We should acknowledge that this type of storytelling is incredibly difficult to pull off. Most entities aren’t allotted the patience to be so big-picture-focused. The Prequels needed the Original Trilogy to establish the base that it rests on. I fully understand that despite being later stories chronologically, the Original Trilogy is essential for getting us invested in the world and allowing the story a chance to expand. Now, conflicts encompass multiple planets at once and our main characters do not need to all be sharing the same cockpit to be involved in important actions. They all can be at different places in the galaxy impacting events from multiple angles. For the first time in Star Wars, it feels like there are more than five or so people who matter.
To add on this, the visual effects, especially in ROTS, are so detailed and filled out and the world building becomes more intricate as a result.

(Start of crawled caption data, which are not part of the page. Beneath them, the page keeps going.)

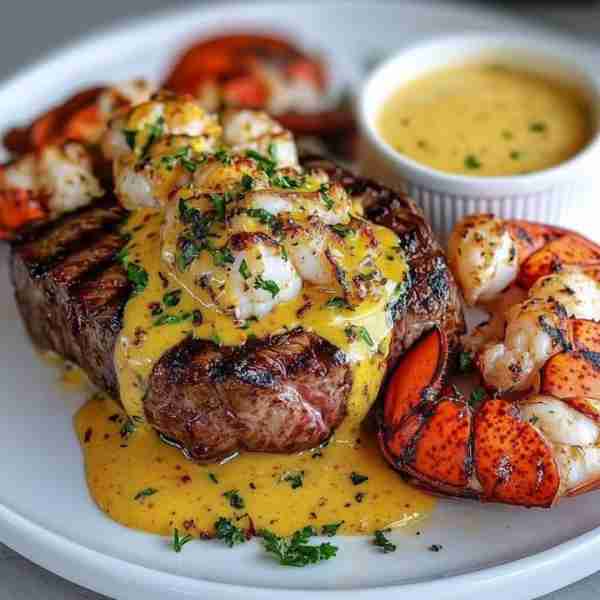 Steak and Lobster Extravaganza 🍤🥩 Treat yourself to a luxurious blend of tender steak and buttery...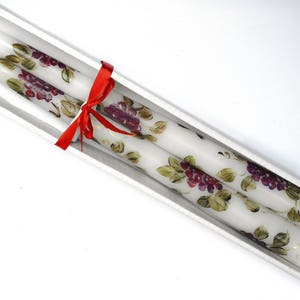 Hand Painted Grape Taper Candles Grapevines Tuscan Mediterranean Decor FREE SHIPPING image 6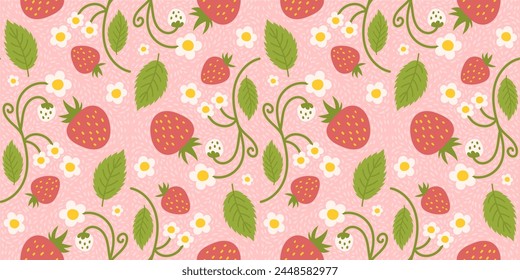 Design of a seamless strawberry pattern with charming berries, flowers, green leaves. Repeated surface design applicable for apparel, textiles, wrapping paper, and additional purposes.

The advancements of technology for the time allowed for these films to truly push the boundaries of what a film could look like. And, while this might be controversial, I also think the music of the Prequels is easily the best of any era. Obviously, we can all disagree, but John Williams, to me, created his best work in these films. I will always associate the choir he incorporates with what Star Wars means on a visceral level. The final product is a scopious change to the Star Wars story, mythos, and feel.

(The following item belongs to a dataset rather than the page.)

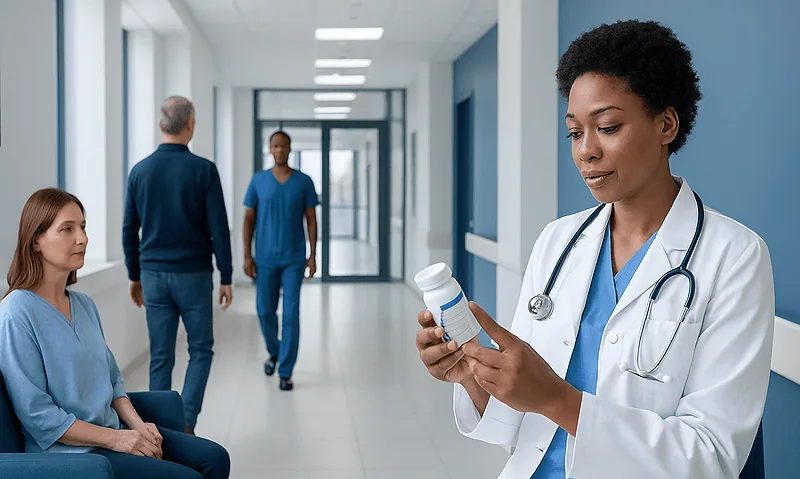Healthcare professional reading medication label in hospital corridor.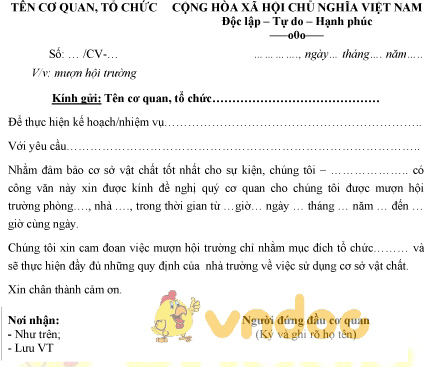Mẫu công văn mượn hội trường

You can be the judge if you think this is fair or not, but the Prequels set the bones in place for a larger, total story within the Prequels era. While the incomplete nature of the Prequels as films is inescapable, so is too the expansive foundation they established. “The Clone Wars” show is not one of these films, but with its addition, turns these films from ambitious ideas with insufficient execution to a vast era of cohesive and deep stories. To many fans, myself included, you cannot judge the Prequels alone. The story is not finished with the films and there is far more to say.
But let’s be fair. I did say that if a story needs four and a half hours to be told correctly, something is wrong with it. The Prequels are not exempt from this criticism. They have plenty of room for improvement in this matter. But the content is all there, it just needs to be reorganized a bit.
Many of the most moving elements in all of Star Wars are present exclusively in the Prequels. Order 66, Duel of the Fates, Anakin versus Obi-Wan, the clone army on Kamino, the Battle of Geonosis… We have none of these moments that have momentous implications on the grand story without the Prequels.
My beloved Prequels were afforded their chances at redemption and their legacy has been dramatically improved because of it, and I hope the Sequels are allotted their opportunity as well. For the many flaws those films have, if they make even one person feel as passionately about Star Wars as the Prequels did to me, then I consider them successful. It is my hope that in time the flaws of those films are not forgotten, but that the work is put into fix them, the way “The Clone Wars” filled in the Prequels.
And so, this is the legacy of the Prequels. They are three films that shepherd the narrative in ambitious directions, even if they need some outside help along the way. To many, these are the most invigorating movies of the saga, pushing our imagination far beyond what came before it. They aimed very high, and even if they never quite reached their own lofty expectations, they ultimately laid the groundwork for Star Wars to continue to grow in more creative ways.